Redevelopers should also take care not to disrupt a good thing when they “improve” a fully-occupied class-B or class-C apartment building. These projects often do well in areas where employers are creating new jobs, with salaries high enough to pay higher “value-added” rents. Class-B and class-C communities are already doing very well in most parts of the country. The percentage of these apartments that are vacant is extremely low, below 3.0 percent in many metropolitan areas. “This is because developers do not often build class-B buildings,” says Barbara Byrne Denham, economist with New York City-based research firm Reis Inc.

She recommends that redevelopers focus on cities and towns where class-A rents are rising more quickly than the rents at lower grade properties.

“The markets with the widest gap in rent growth rates include Cleveland, San Francisco, Charleston, Boston and Chicago, with annual rent growth rate gaps of 4 percentage points or higher,” says Denham.

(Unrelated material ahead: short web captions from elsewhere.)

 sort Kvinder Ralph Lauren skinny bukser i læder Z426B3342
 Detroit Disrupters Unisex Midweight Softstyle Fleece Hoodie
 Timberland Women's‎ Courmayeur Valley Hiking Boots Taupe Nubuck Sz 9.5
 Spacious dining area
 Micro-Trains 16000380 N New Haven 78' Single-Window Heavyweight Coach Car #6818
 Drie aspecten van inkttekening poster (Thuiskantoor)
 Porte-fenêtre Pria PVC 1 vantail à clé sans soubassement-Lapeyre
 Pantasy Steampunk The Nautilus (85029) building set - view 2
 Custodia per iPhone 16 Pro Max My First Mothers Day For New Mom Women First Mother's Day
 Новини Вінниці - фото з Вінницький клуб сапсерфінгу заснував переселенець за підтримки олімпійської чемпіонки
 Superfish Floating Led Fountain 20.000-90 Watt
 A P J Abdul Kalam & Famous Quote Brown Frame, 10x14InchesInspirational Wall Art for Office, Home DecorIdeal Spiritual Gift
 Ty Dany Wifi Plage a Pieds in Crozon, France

The rising cost of class-B assets

Investors still pay significantly less for class-B and class-C apartment properties relative to income compared to class-A property prices. The cap rates investors accept when they buy class- B and C properties are now about 220 basis points higher than cap rates they accept for class-A assets.

“More and more investors are chasing these opportunities,” says Sebree. “There’s been a dramatic increase in sophisticated private capital looking for value-added investments.”

In comparison, in 2011, early in the recovery cycle, investors strongly favored class-A properties, and the cap rate spread was wider, at 370 basis points. In 2005, during the last boom, investors, including condominium developers, hunted for opportunities and paid high prices for class-B and class-C properties, and the cap rate spread was just 120 basis points.

“I don’t think we’ll ever get back to a 120-basis point spread,” says Sebree. “But there’s still some room to move closer.”